Directions for this task: Reproduce all entries below verbatim. Skip the pictures.

Source data:

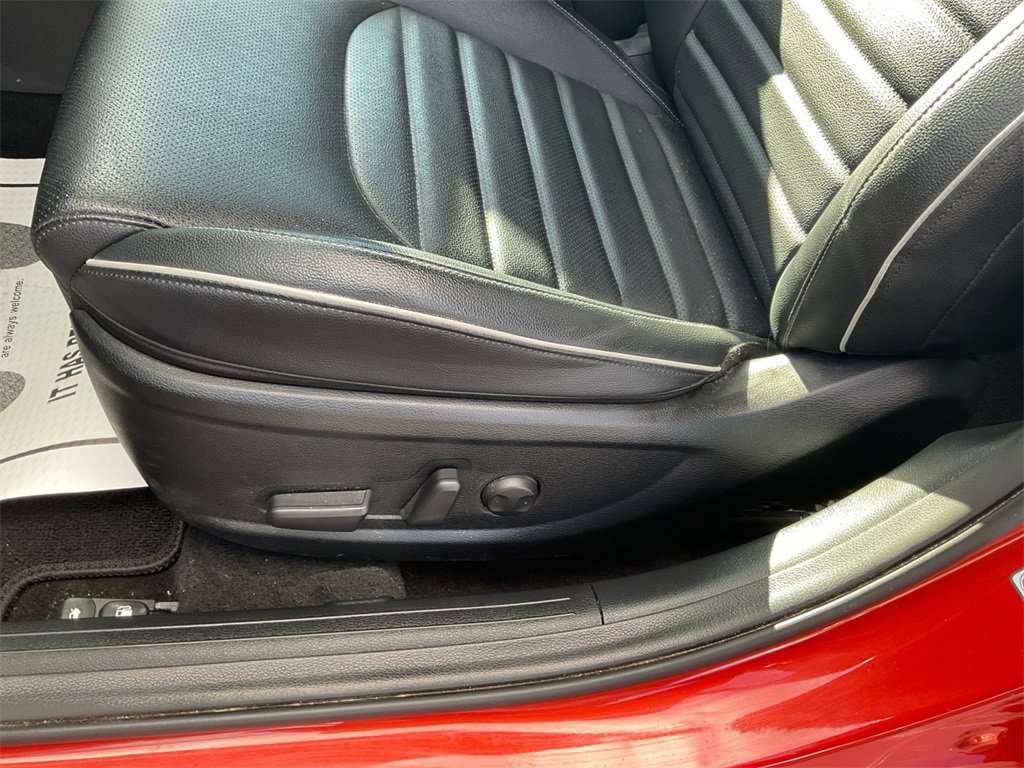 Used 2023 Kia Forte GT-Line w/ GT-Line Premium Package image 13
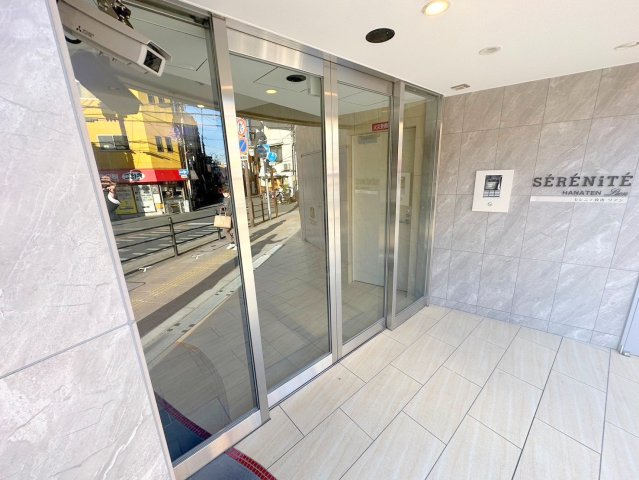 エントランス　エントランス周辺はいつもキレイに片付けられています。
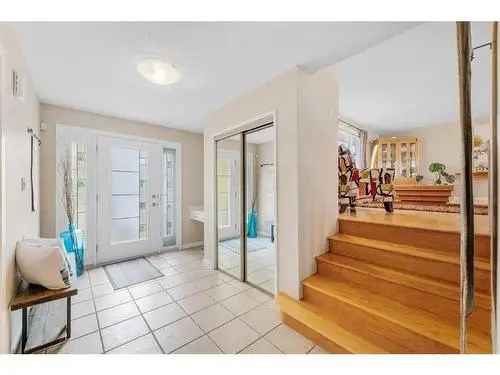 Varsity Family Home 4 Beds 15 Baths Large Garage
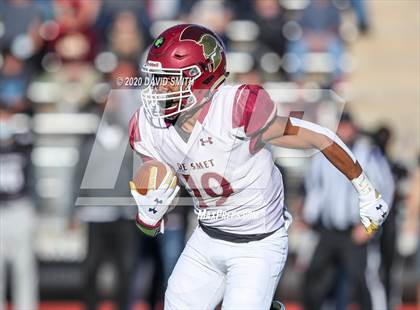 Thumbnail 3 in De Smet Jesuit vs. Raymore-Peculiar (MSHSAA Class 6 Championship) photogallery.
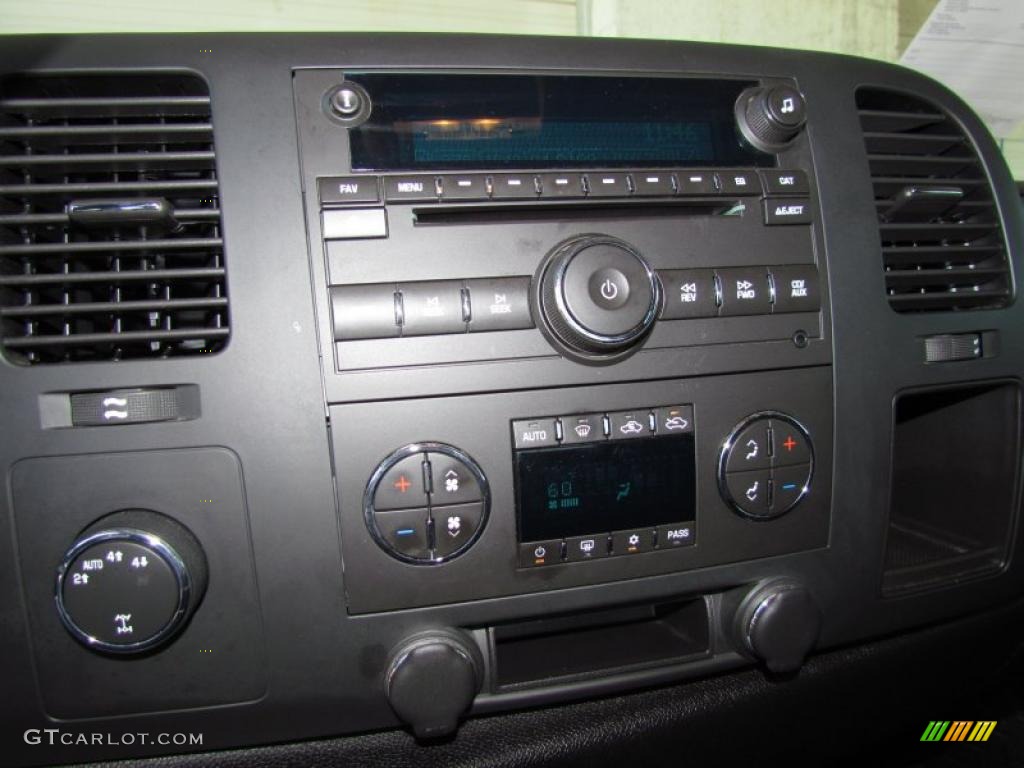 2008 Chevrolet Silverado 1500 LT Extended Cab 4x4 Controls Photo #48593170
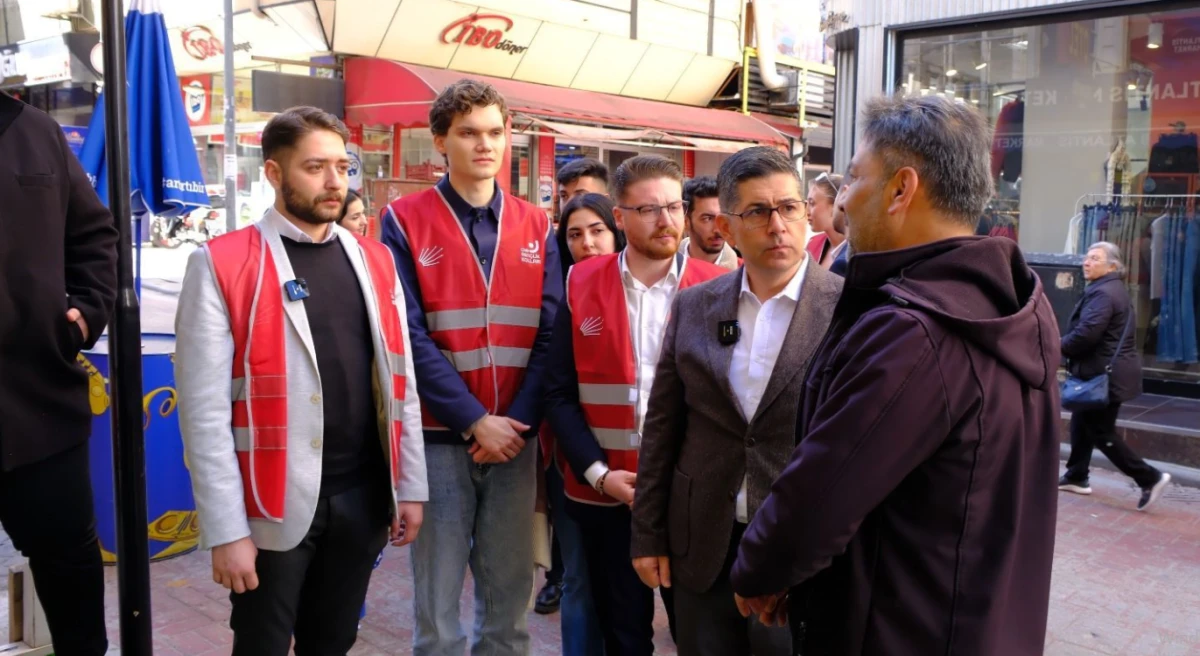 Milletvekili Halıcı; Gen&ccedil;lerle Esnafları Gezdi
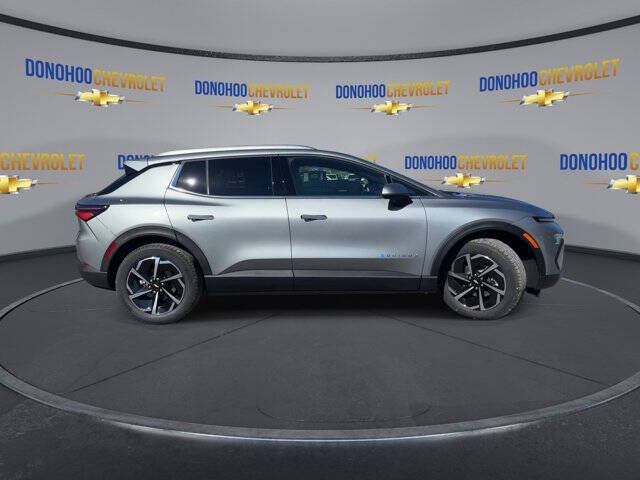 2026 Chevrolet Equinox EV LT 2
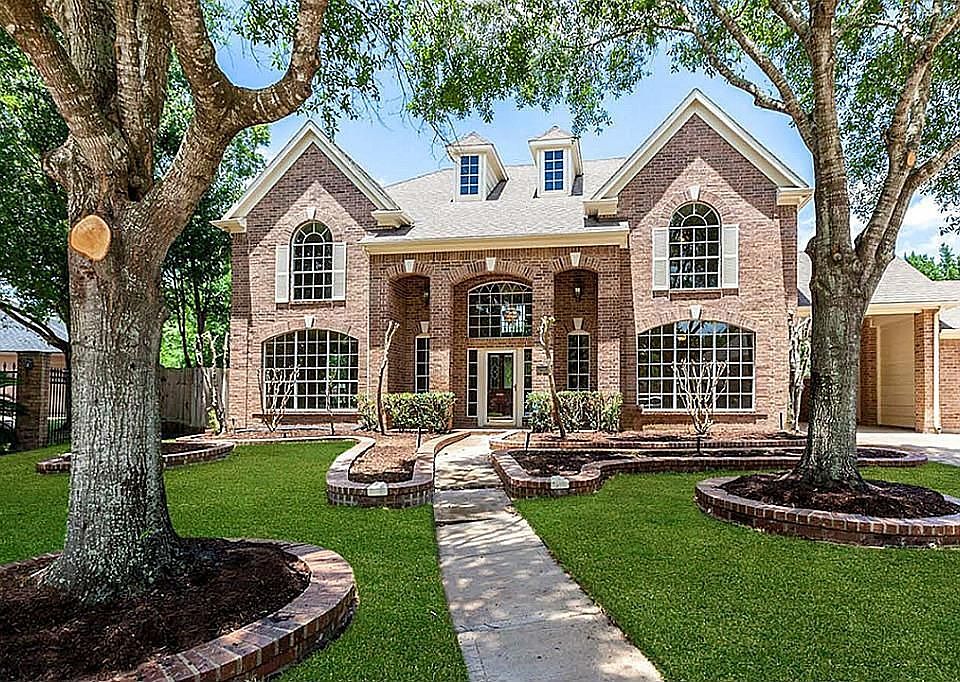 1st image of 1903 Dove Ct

Result:
 Used 2023 Kia Forte GT-Line w/ GT-Line Premium Package image 13
 エントランス　エントランス周辺はいつもキレイに片付けられています。
 Varsity Family Home 4 Beds 15 Baths Large Garage
 Thumbnail 3 in De Smet Jesuit vs. Raymore-Peculiar (MSHSAA Class 6 Championship) photogallery.
 2008 Chevrolet Silverado 1500 LT Extended Cab 4x4 Controls Photo #48593170
 Milletvekili Halıcı; Gen&ccedil;lerle Esnafları Gezdi
 2026 Chevrolet Equinox EV LT 2
 1st image of 1903 Dove Ct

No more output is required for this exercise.